Kollestrole yol açan hayvani yağlar değil şekermiş.E doktorum yağlardan özellikle de hayvani yağlardan uzak durmam gerektiğini söyledi. Sakatat kesinlikle yasaktı. Bunların vücudumuza çok büyük katkıları var.Bunlardan da mahrum kalıyorsun. vs. Çok uzattım farkındayım.
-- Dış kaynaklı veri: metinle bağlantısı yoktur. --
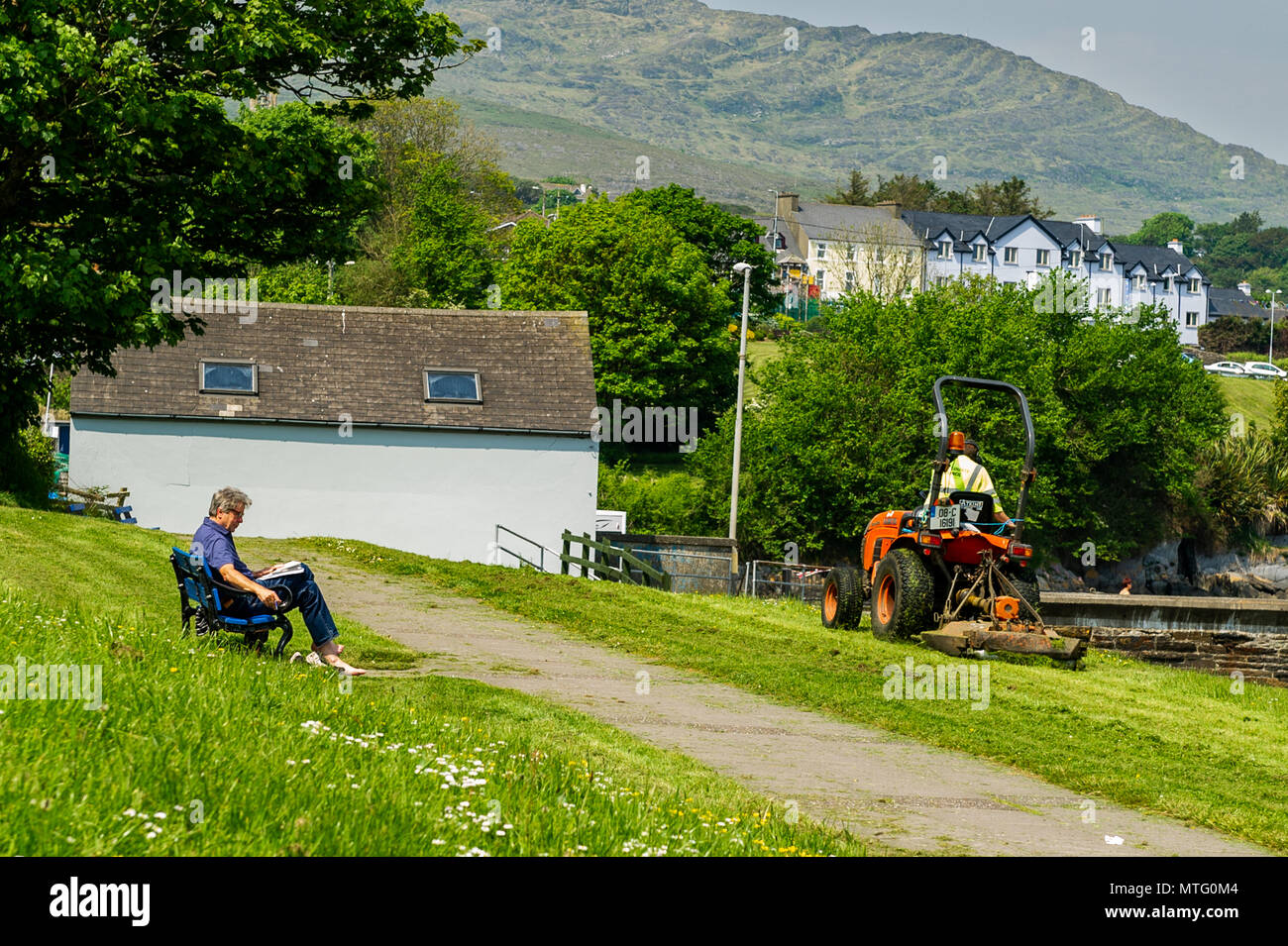County Council Mitarbeiter schneidet das Gras während ein Mann auf einer Bank an einem sonnigen Tag in Schull, County Cork, Irland liest. Stockfoto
Daha da ilginç olanı. İlaç endüstrisinin kontrolünde olan dergiler otoriteler vs. Kollestrolün tehlike üst sınırı 260 diyorlar. Kollestrol ilacına bağımlı dünyadaki hasta sayıcı 300 milyon. Ne hikmetse bu kuruluşlar yapılan araştırmalar neticesinde üst sınırı 240 a çekiyorlar. İlaç kullanması gereken insan sayısı 2 milyara çıkıyor. Sonra sağlığımız için gene araştırıyorlar bakıyorlar ki 240 değil de 220 ilaç pazarı ne kadar genişliyor değil mi?
Konuyu uzattım farkındayım ama tıp otoritelerinin mutlak doğru dedikleri de bize anlatıldığı gibi doğru olamayabiliyor.
Ayrımı iyi yapmak lazım Soner Yalçın ,bu konusulanlardan ilaç bosyere kullanılıyor algısı cikabilir.ilac kullanımı ayrı birşey ,endikasyon haricinde ilaç kullandirilmasi ayrı birşey.Senin bahsettigin pazari buyutmek icin fazladan yazılan ilaçlardır ki buna eski ilaç sektörü çalışanı olarak çok sahit oldum. Çok rezilliklerinide gördüm .Daha once Verdiginiz viox adli ilac ornegi uc bir ornektir ve evet dogrudur yaşanmıştır.o ilaç firmasının o zamanlar meşhur yurtiçi ve yurt dışı Kongreleri o ilaci o zaman yazan hekimlere cok cazip gelmistir.Ama bunu tüm ilaç lar için genelleme yaparak konuşmak büyük hatadir. Herhangi bir ilacın ise yaramadigina dair bilimsel çalışma örneği veremiyorsan bu konuşmalar havada kalir ,burda asli olması gereken sağlık sektöründeki denetimlerin göstermelik değil ama gibi yapılmasıdır.
Tıp bilim değil de gazetecilik mi bilim?? Kernikteruslu çocuklar ilkokulu, üniversiteyi bitirir hatta şekilde görüldüğü gibi gazeteci bile olup herşeyi bilir.